As the week closed, Union troops under Maj. Gen. Edward Canby at Ft. Fillmore in the New Mexico Territory near the Texas border attacked and defeated Confederates moving south out of Santa Fe. At Blackburn in England, a public meeting advocated recognition of the Confederate States because “it was impossible for the North to vanquish the South.”  In Alabama, after a series of attacks on trains by Confederate guerillas, Federal authorities at Huntsville ordered ministers and leading churchmen who had been active secessionists be arrested and one each day be placed on trains to thwart further railroad attacks.

Maj. Gen. Nathaniel Banks’s 2nd Corps d’Armee, the leading elements of Maj. Gen. John Pope’s Army of Virginia, were heading south of Culpeper, Va.,  towards Orange Courthouse and the railhead at Gordonsville.  His troops numbered about 12,000 officers and men.  Moving north out of Gordonsville was Maj. Gen. Thomas “Stonewall” Jackson’s command, outnumbering the Union troops 2 to 1.  Incensed by Gen. Pope’s contentious orders against Southern civilians, Gen. Robert E. Lee issued a direct and succinct order to Gen. Jackson: “Gen.
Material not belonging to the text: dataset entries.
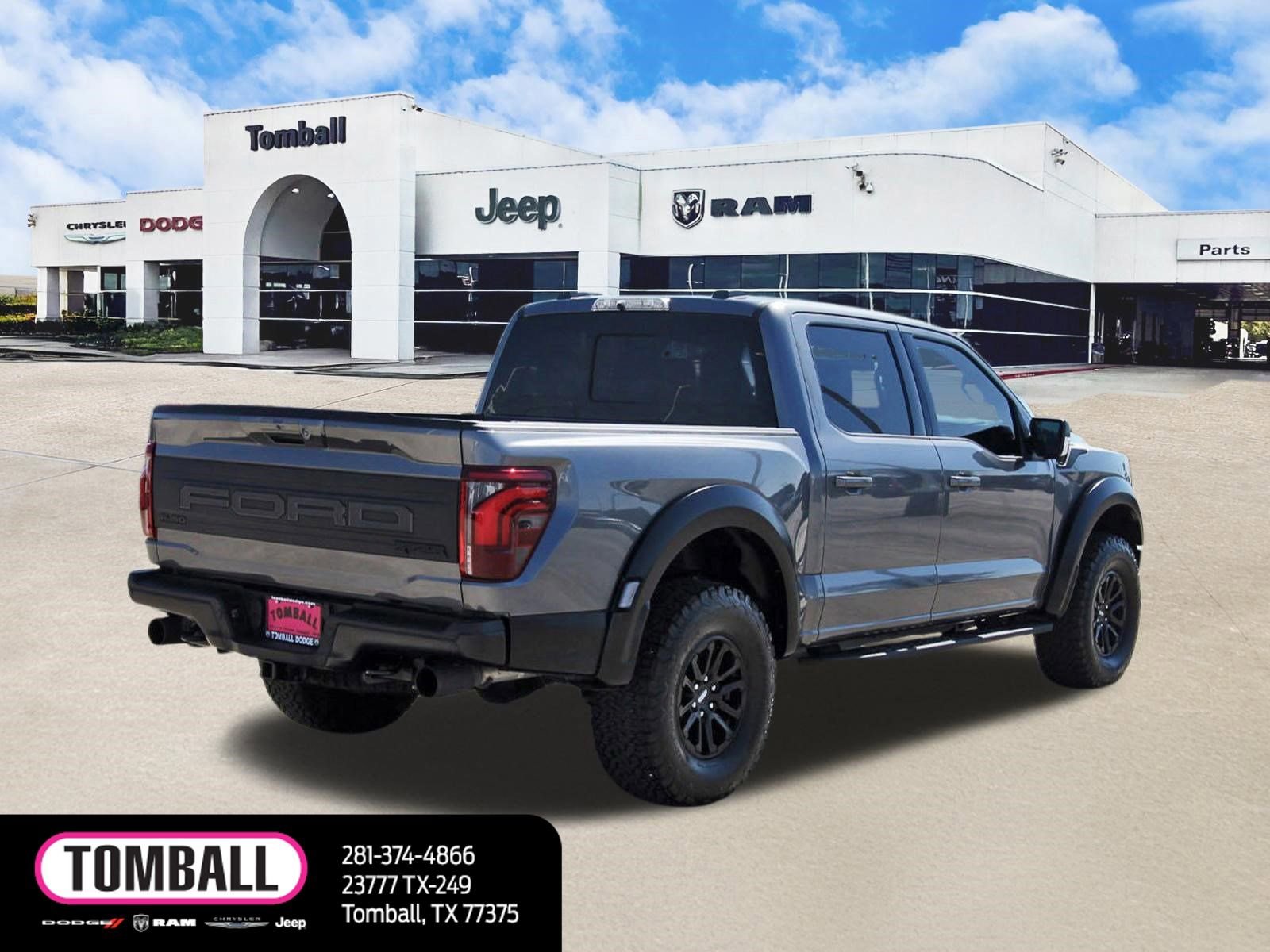 Used 2024 Ford F150 Raptor image 7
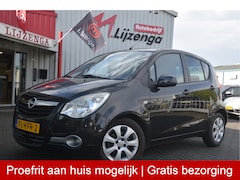 Opel Agila - 1.2 Enjoy Airco | 5drs | radio/CD | LMV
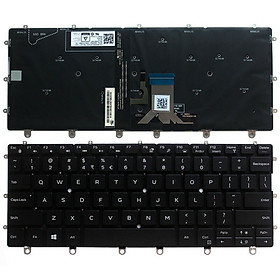 Bàn phím dành cho Laptop Dell XPS 13 9365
Pope must be suppressed.”  Saturday, Aug. 9 was one of the hottest days of 1862 in Virginia: the thermometer read 98 degrees and the humidity above 65%.  At Cedar Mountain, a few miles south of Culpeper Courthouse,  Gen. Banks’s men attacked Gen. Jackson’s troops in fierce combat, driving the Confederates back.  Reinforced by Maj. Gen. Irwin McDowell’s 3rd Corps d’Armee,  the Federals threatened to push the Confederates off the field.  
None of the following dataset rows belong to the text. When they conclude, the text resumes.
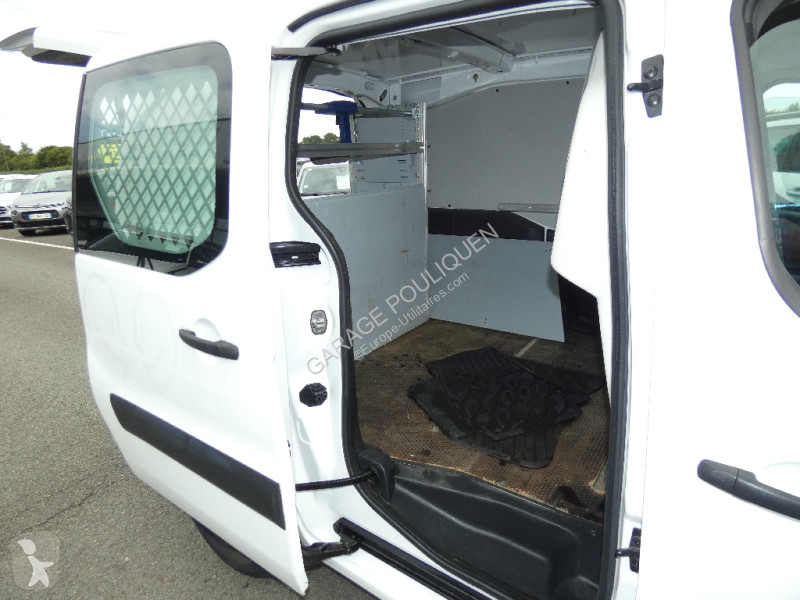 M BLUEHDI 75 CLUB Transporter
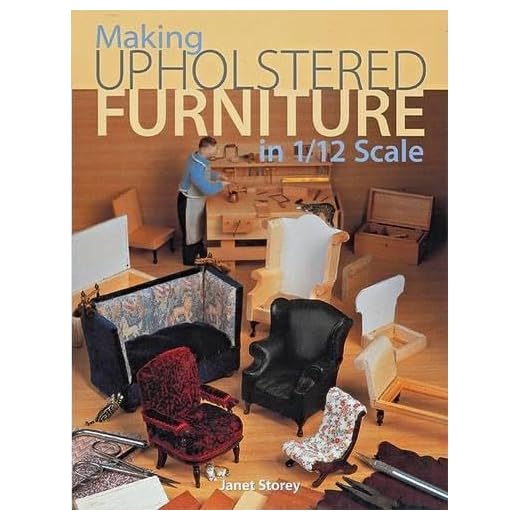 Making Upholstered Furniture Book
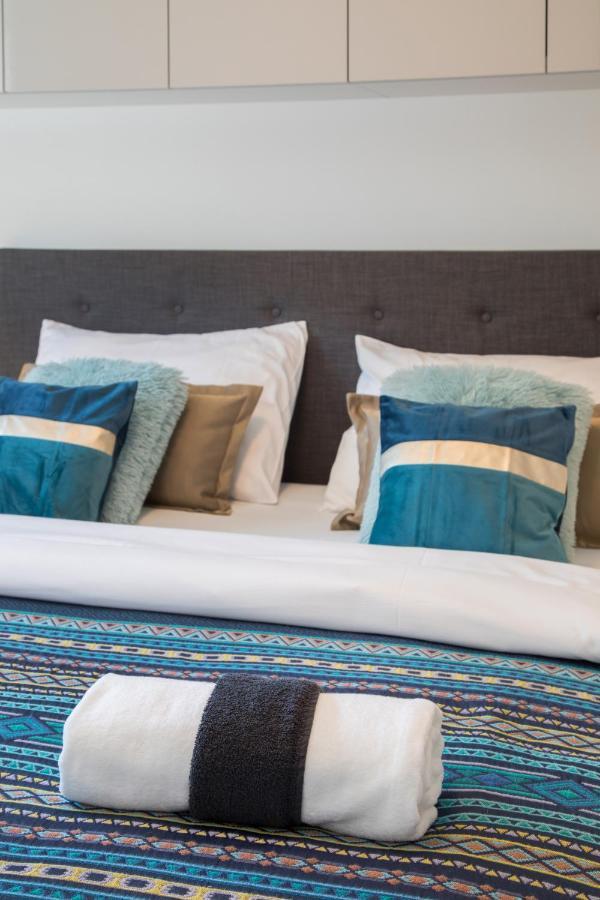 Design 2Bdr Apartment Near City Center Zagreb Bagian luar foto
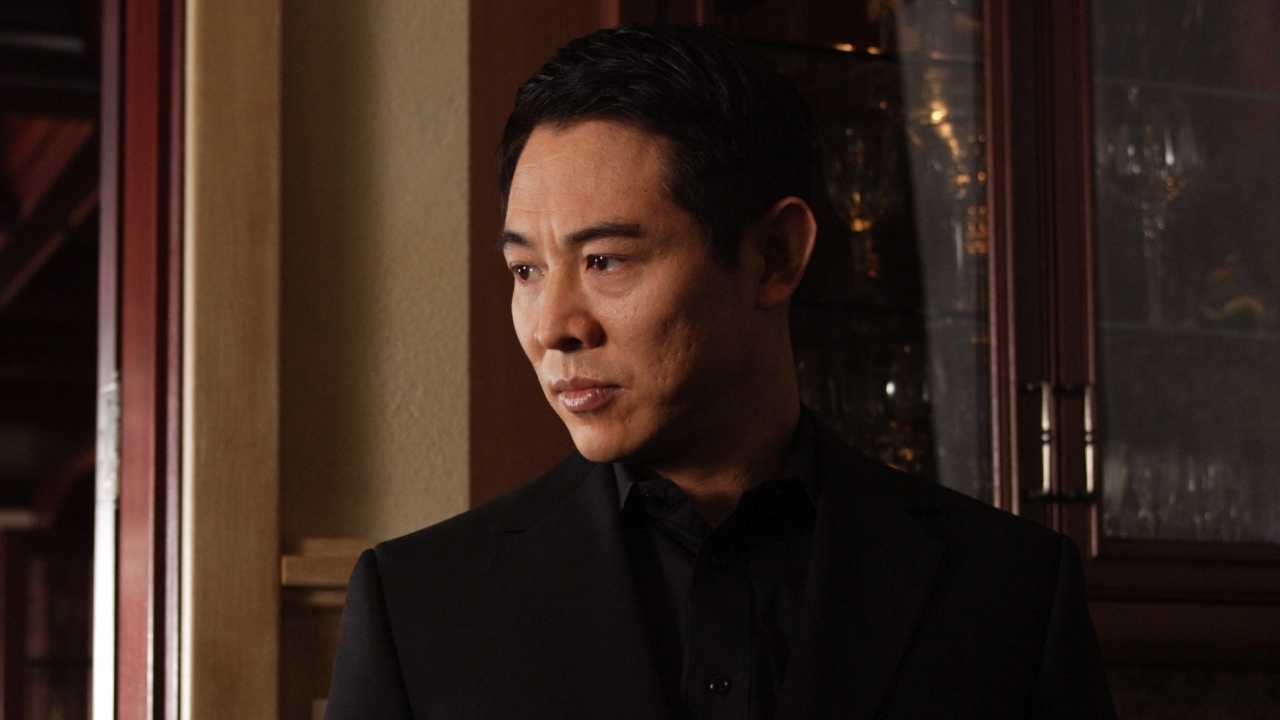 Zo onbescheiden rijk is de bescheiden Jet Li uit de live action remake 'Mulan'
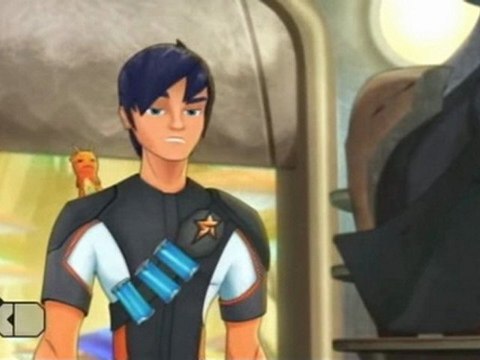 SlugTerra season 1 Episode 10 - Endangered Species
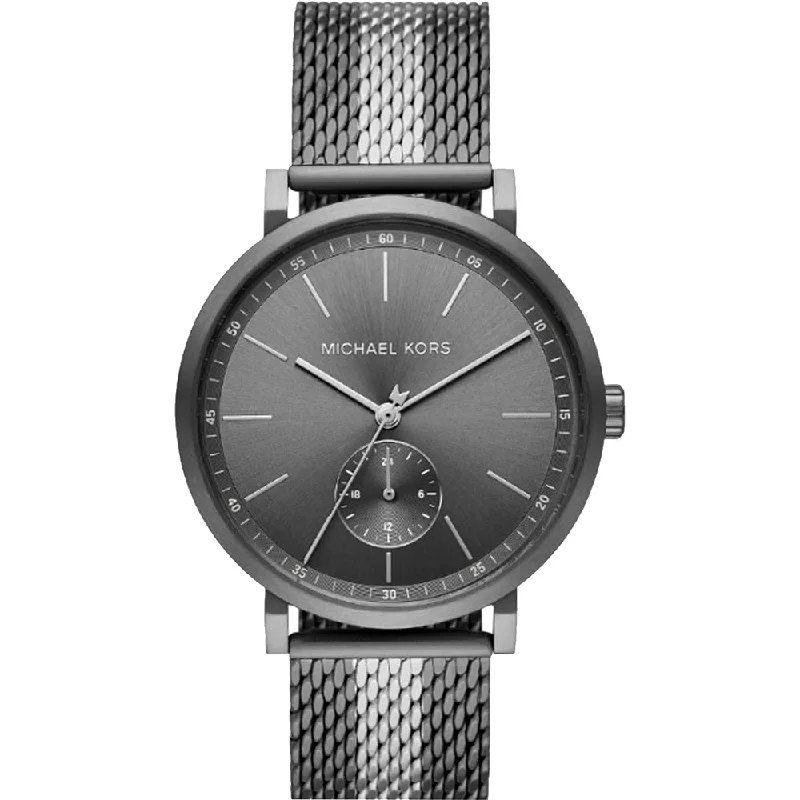 Michael Kors Irving Grey Unisex Watch MK8805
At 5 p.m., the timely arrival of Maj. Gen. A. P. Hill’s Light Division reinforced Jackson’s men and turned the tide of battle.  Gen. Jackson rode in among his troops to rally them by attempting to draw his sword.  It was rusted to the scabbard.   In the fierce hand-to-hand combat, Jackson cried out, “Jackson is with you!  Attack!  Attack!”  The Confederates  rallied and swept the Union troops from the battlefield.  Maj. Gen. Charles Winder, commanding a division in Jackson’s command, was killed when a shell exploded and eviscerated him.  
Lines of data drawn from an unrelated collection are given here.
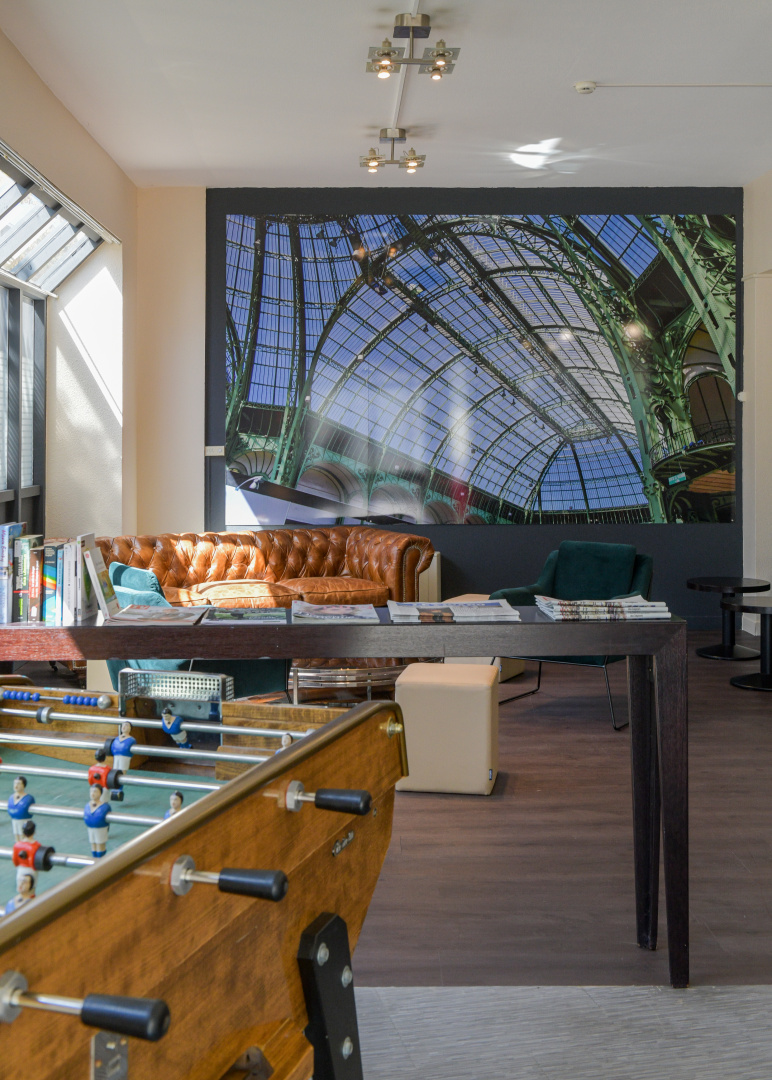 Ibis Styles Bordeaux Gare Saint Jean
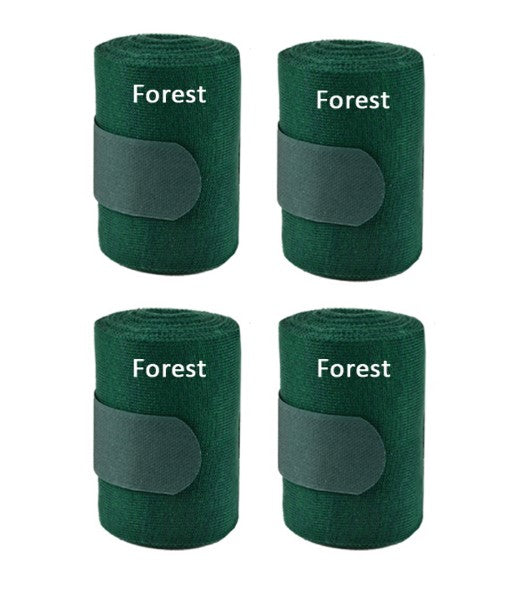 JACKS COTTON TURF BANDAGES 4'' X 9''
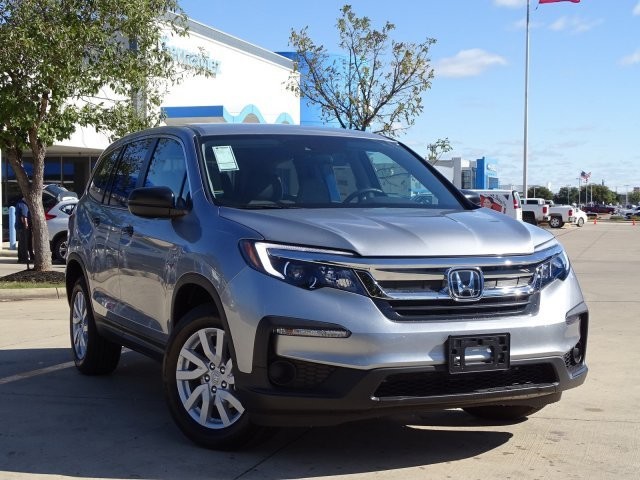 2020 Honda Pilot Certified Pre Owned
Cedar Mountain was the last battle in which Jackson moved in to personally command his troops, and the last battle in which he drew his sword.   Union losses in the battle were 2380 casualties; Confederate troops sustained 1340 casualties.  The town of Culpeper was turned into one vast hospital.  Gen. Pope withdrew his army to the north, and Gen. Lee received word that Gen. George McClellan was bringing his Union army from the Peninsula below Richmond to Washington.  It was clear that the initiative had shifted in Gen. Lee’s favor, and that the Confederate capital was saved from Federal threat.  Gen. Lee began moving the balance of the Army of Northern Virginia to the north from Richmond

In Missouri, Confederates under Col. John C. Porter had been driven from Kirksville by Federals under Col. John McNeil after a three day fight.  The Southern force had been destroyed in the fighting, and Union dominance in northeastern Missouri was maintained.   Two days later, Col. John T. Hughes and his Confederate force attacked Independence, Missouri, at dawn.  His troops included the infamous Confederate guerilla fighters William Quantrell and Jesse and Frank James.  The Confederates drove the Federals, under Col. James T. Buel, through the town to the Union camps.  There, Col. Buel requested a flag of truce with Col. George W. Thompson, who had replaced Col. Hughes when he was killed in the fighting.  Col. Buel surrendered 150 men, and the Confederate force moved towards Kansas City.

Near Washington, two steamers, the George Peabody and the West Point, collided in the Potomac River with the loss of seventy-three lives, many of them convalescing Union soldiers of Maj. Gen. Ambrose Burnside’s corps.   President Lincoln received a deputation of free black men at the White House, to which he said, “But for your race among us there could not be war.  It is better for us both, therefore, to be separated.”  He advocated colonization in Central America, and promised them help in carrying out the program.